◆ **INFORMATION PROVIDED**
══════

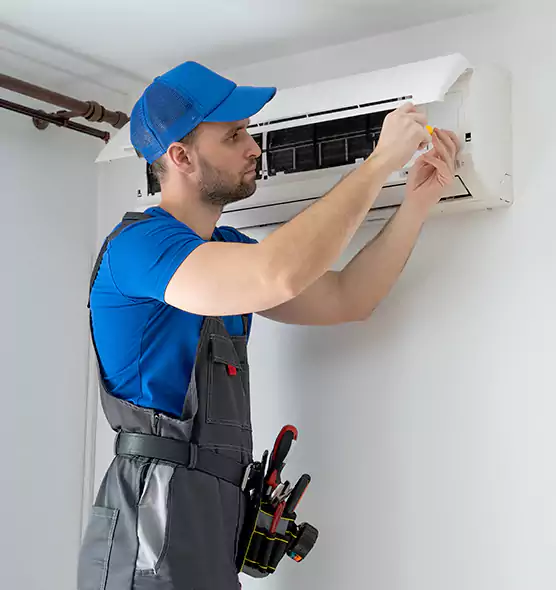 About Smart Thermostat AC Installation in Berwyn, IL
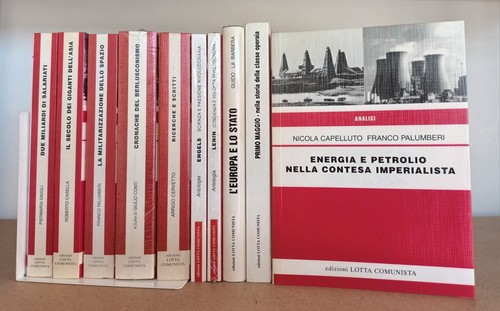 Lotto libri edizioni - lotto,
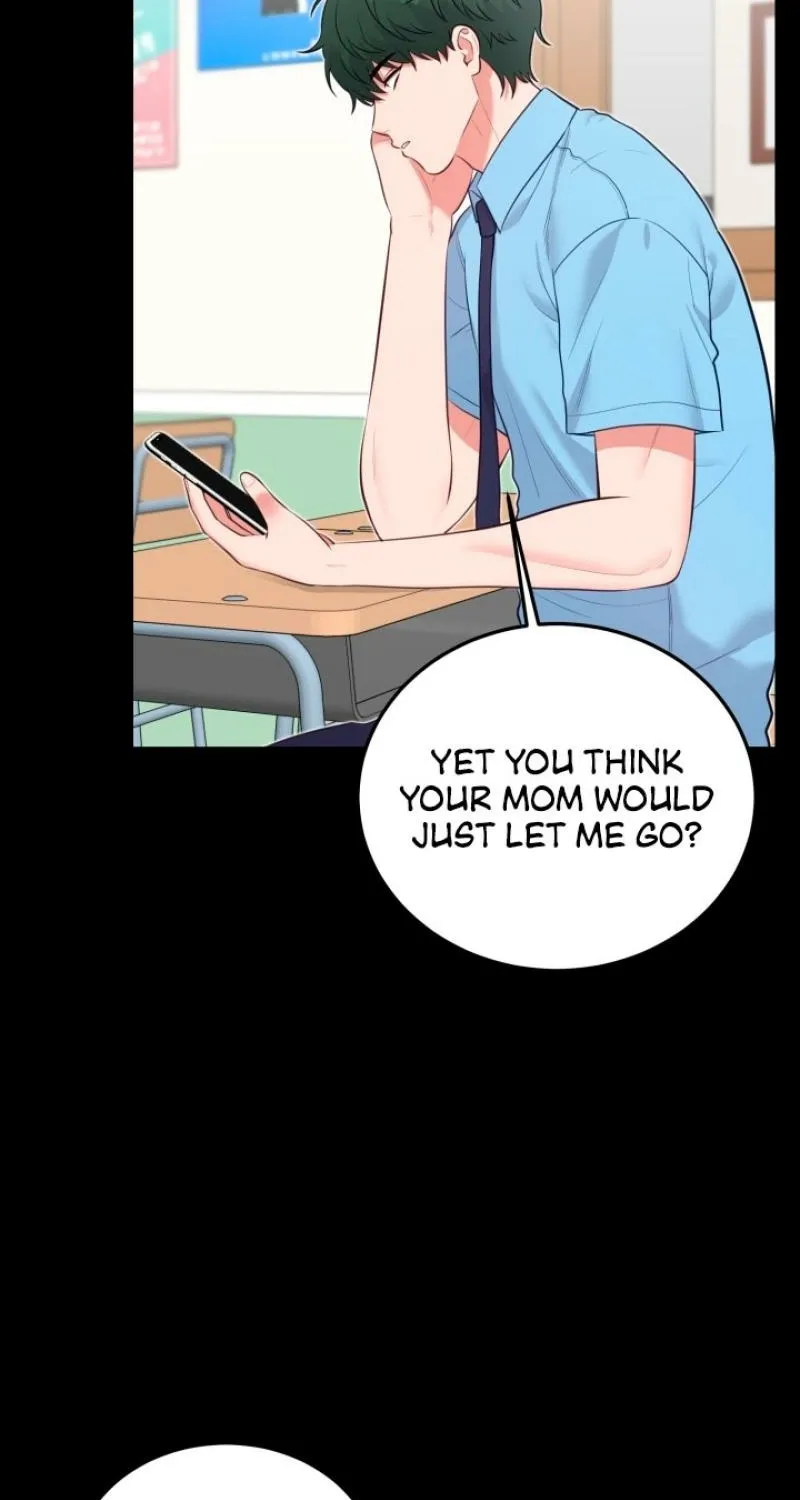 Show me your crooked tooth Chapter 12 page 27 -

══════

◆ **PROBLEM TO WORK ON**
Print the whole listing exactly, please, and keep any images out of it.

◆ **PROBLEM SOLUTION**
 About Smart Thermostat AC Installation in Berwyn, IL
 Lotto libri edizioni - lotto,
 Show me your crooked tooth Chapter 12 page 27 -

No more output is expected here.